Think of your body as a machine: energy in versus energy out. If you do not put enough petrol in your car it won’t drive. If you put in too much it will just overflow.
If you eat too much and don’t exercise you will put on weight. In order to lose excessive weight you need to eat less than you expend in energy. All diets work on this principle.
The cabbage soup diet, the lemonade diet, the grapefruit diet to name a few of the more popular fad diets are all essentially extremely low calorie diets – some less than 500 calories or about ¼ of the advised daily amount for an adult. If you starve yourself – you will lose weight. However the effects will be short term as weight returns quickly once the diet is eased – (no one can live of only cabbage soup!) and the health effects can be detrimental.
While many of these diets claim to have a magic ingredient – cayenne pepper, a perfectly balanced vitamin shake etc. that keeps you healthy while melting away fat the reality is they often provide the body with the bare minimum of energy to run all the necessary functions. This can cause the body’s metabolism to shift into a mode where energy is gleaned from breakdown of fat or even muscle tissue. Essential salts, proteins, fibre and vitamins may be lacking and consequences can include dehydration, poor concentration, constipation, muscle weakness, low blood pressure and even ketosis (an abnormality of the metabolism seen in some newly diagnosed diabetics). Ultimately a body faced with starvation will then try to store energy as quickly as possible when once again exposed to a more normal diet- piling the pounds back on.
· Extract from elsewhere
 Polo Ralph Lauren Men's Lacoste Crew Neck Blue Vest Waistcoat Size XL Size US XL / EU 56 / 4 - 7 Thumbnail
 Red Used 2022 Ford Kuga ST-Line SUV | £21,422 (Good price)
Obesity, diabetes and our metabolisms are of course much more complex than this but it is useful to always keep the simple message in mind; Energy in versus energy out. There are many interesting new insights into the genetic variations in weight gain across different ethnic groups and within populations. A leading author in this area is Professor Stephen O’Rahilly, working in Cambridge. He has published widely on the genes that may put people at a disadvantage for obesity by effecting items such as appetite, a person’s ability to feel full and satisfied and a person’s likelihood of developing diabetes when exposed to western diet.
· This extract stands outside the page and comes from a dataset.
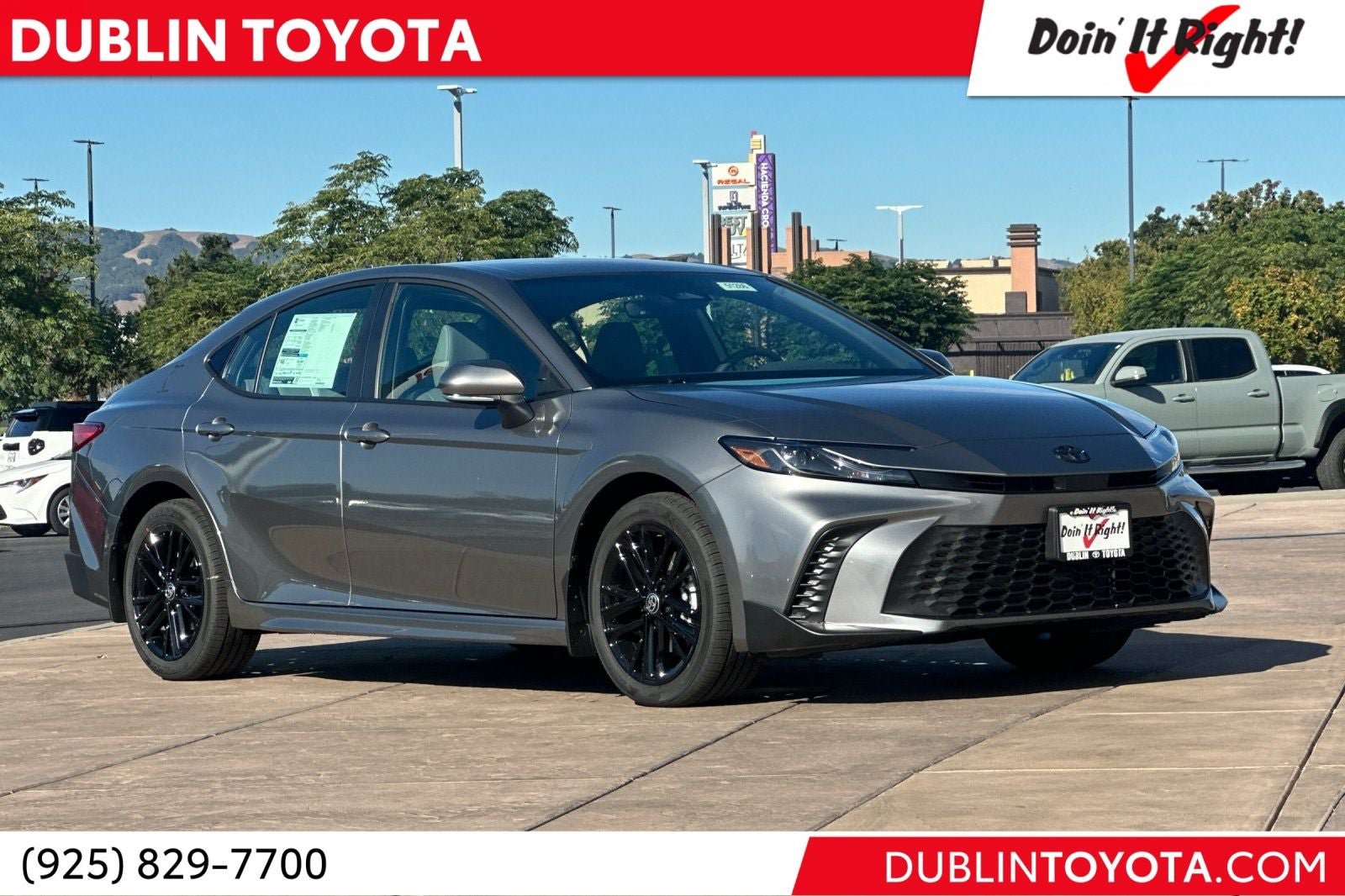New 2026 Toyota Camry SE w/ Convenience Package AWD/4WD image 1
There is some truth to the fact, it seems, that some of us struggle with our weight much more than others. However without taking in (eating) the incorrect foods in the first place and /or leading a sedentary lifestyle (not exercising) genetics alone will not make us put on weight. One of the greatest challenges we face is the environment we have created in which we are exposed to a world of fast food, highly processed ready meals, sugary drinks and confectionary all cheap, easy and in huge portions.
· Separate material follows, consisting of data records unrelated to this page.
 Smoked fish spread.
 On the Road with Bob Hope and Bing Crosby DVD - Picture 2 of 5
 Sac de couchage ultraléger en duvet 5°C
So with all this in mind we need again to get back to basics. To understand the simple things behind our food – the different components; protein, carbohydrate, fat that make it up. To remember that none of these are on their own ‘bad’ foods as many diets including the celebrated ‘Atkins diet’ may have us believe. Each plays a vital role in our bodies health, each is a different important fuel. It is the balance and the amount of these foods that we eat that will maintain a healthy weight – not the time of day or the order in which they are consumed, not your blood type or whether there is a full moon out! Combined, of course with a little good old fashioned exercise.